Input records
────────────────

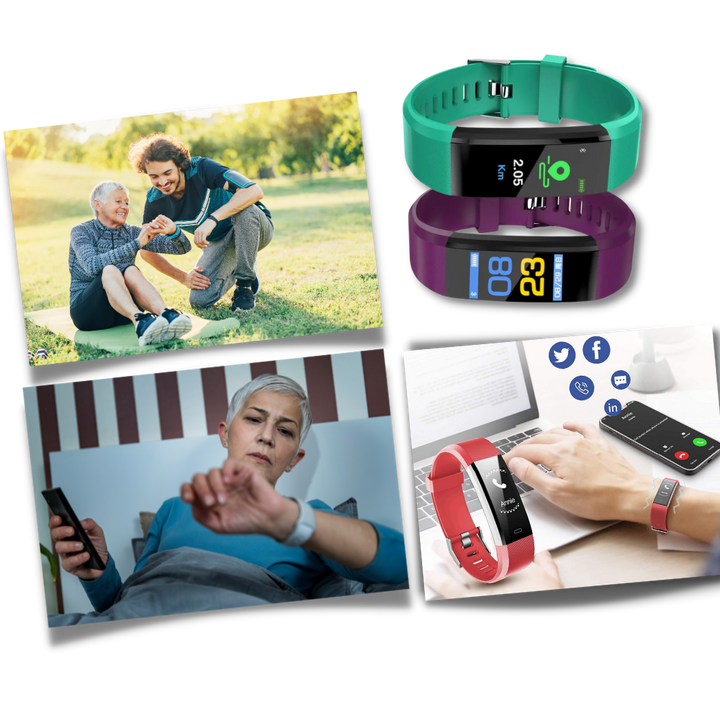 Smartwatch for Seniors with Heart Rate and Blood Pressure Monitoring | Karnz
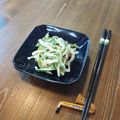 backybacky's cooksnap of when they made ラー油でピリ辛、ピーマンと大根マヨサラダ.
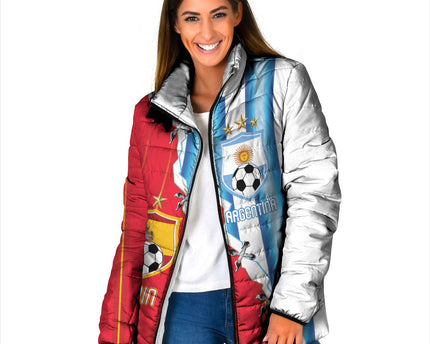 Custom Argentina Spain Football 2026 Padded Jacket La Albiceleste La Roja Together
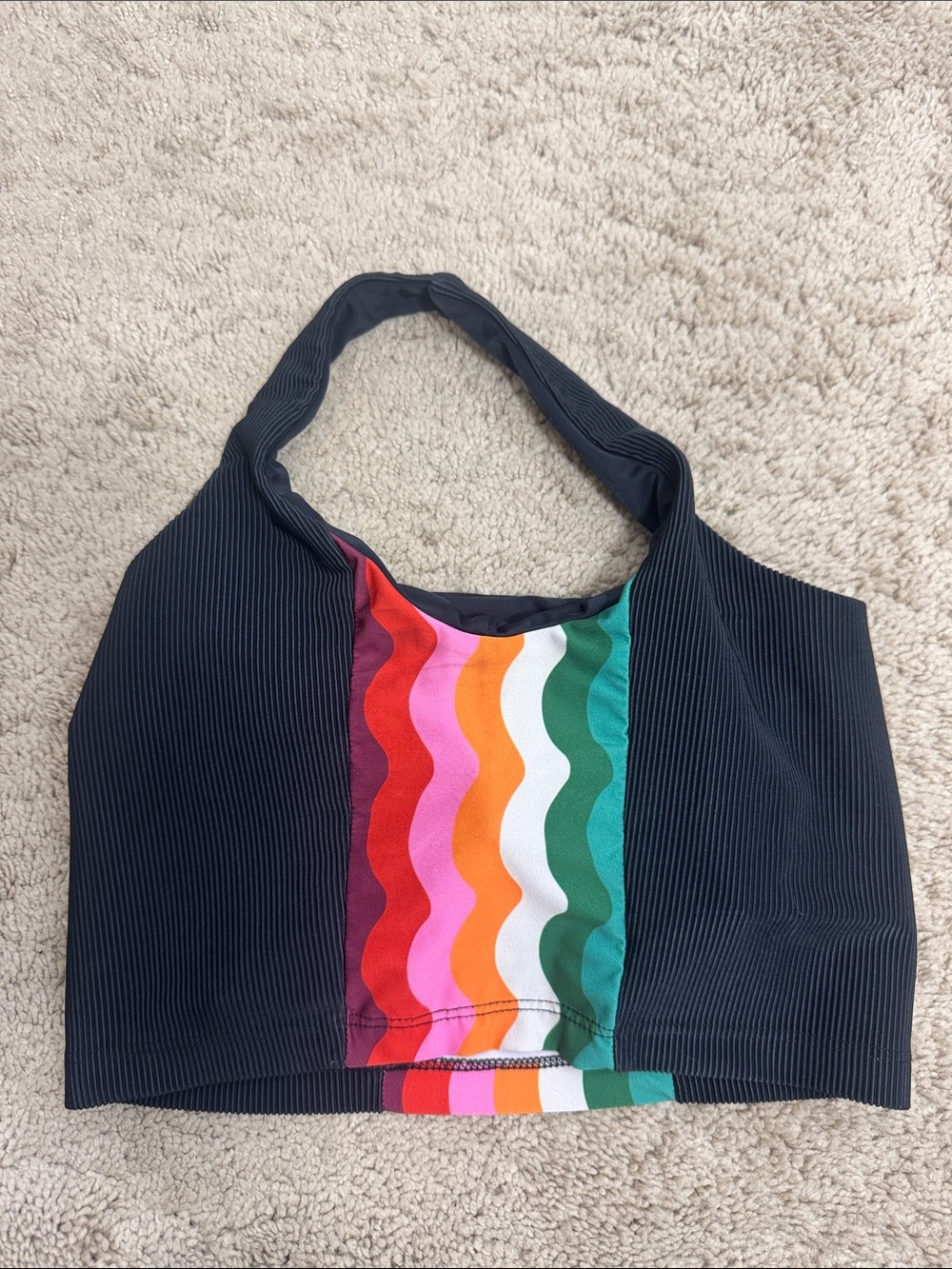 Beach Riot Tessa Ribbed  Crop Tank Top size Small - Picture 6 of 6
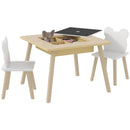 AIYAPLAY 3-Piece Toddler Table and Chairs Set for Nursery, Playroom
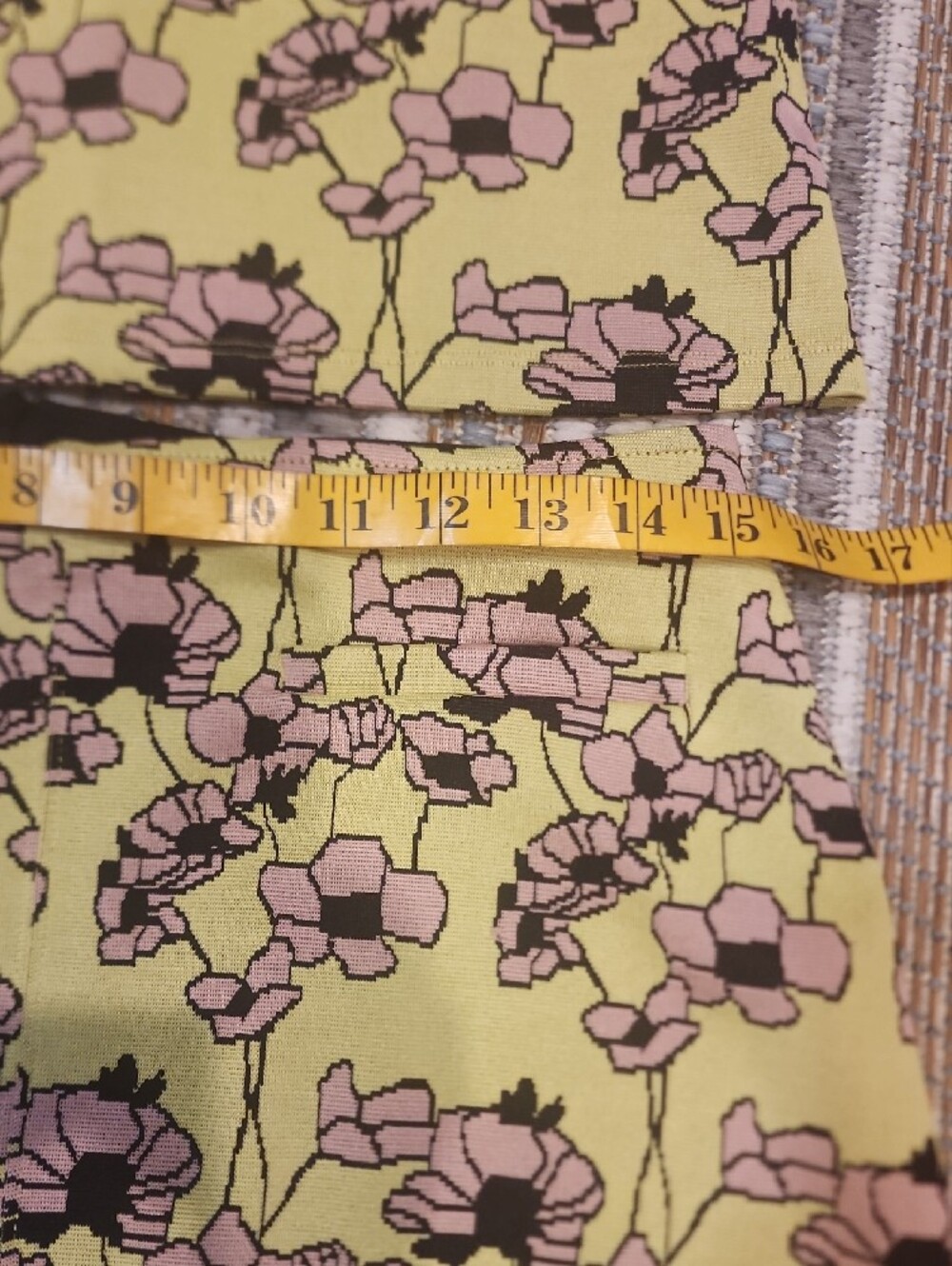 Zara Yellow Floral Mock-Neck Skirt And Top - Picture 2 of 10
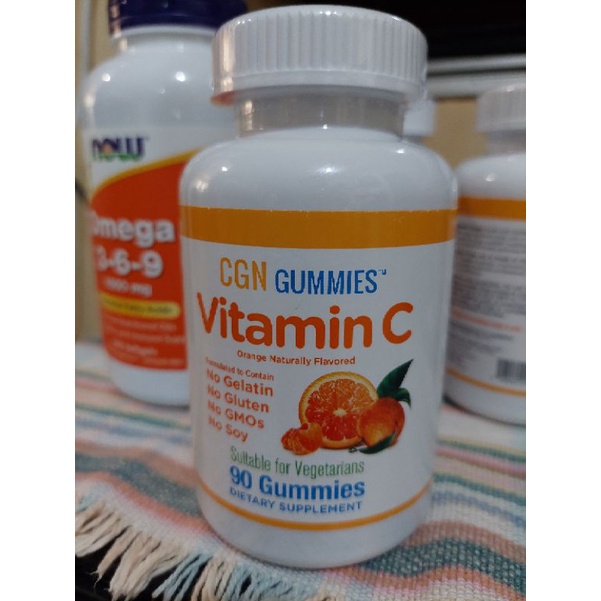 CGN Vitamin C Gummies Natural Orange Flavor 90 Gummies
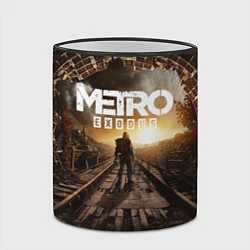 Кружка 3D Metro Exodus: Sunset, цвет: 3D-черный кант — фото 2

────────────────

Task to carry out
The output should hold only the lines from the one containing "Zara Yellow Floral" through the last line of the listing, reproduced exactly, pictures omitted.

Reply
 Zara Yellow Floral Mock-Neck Skirt And Top - Picture 2 of 10
 CGN Vitamin C Gummies Natural Orange Flavor 90 Gummies
 Кружка 3D Metro Exodus: Sunset, цвет: 3D-черный кант — фото 2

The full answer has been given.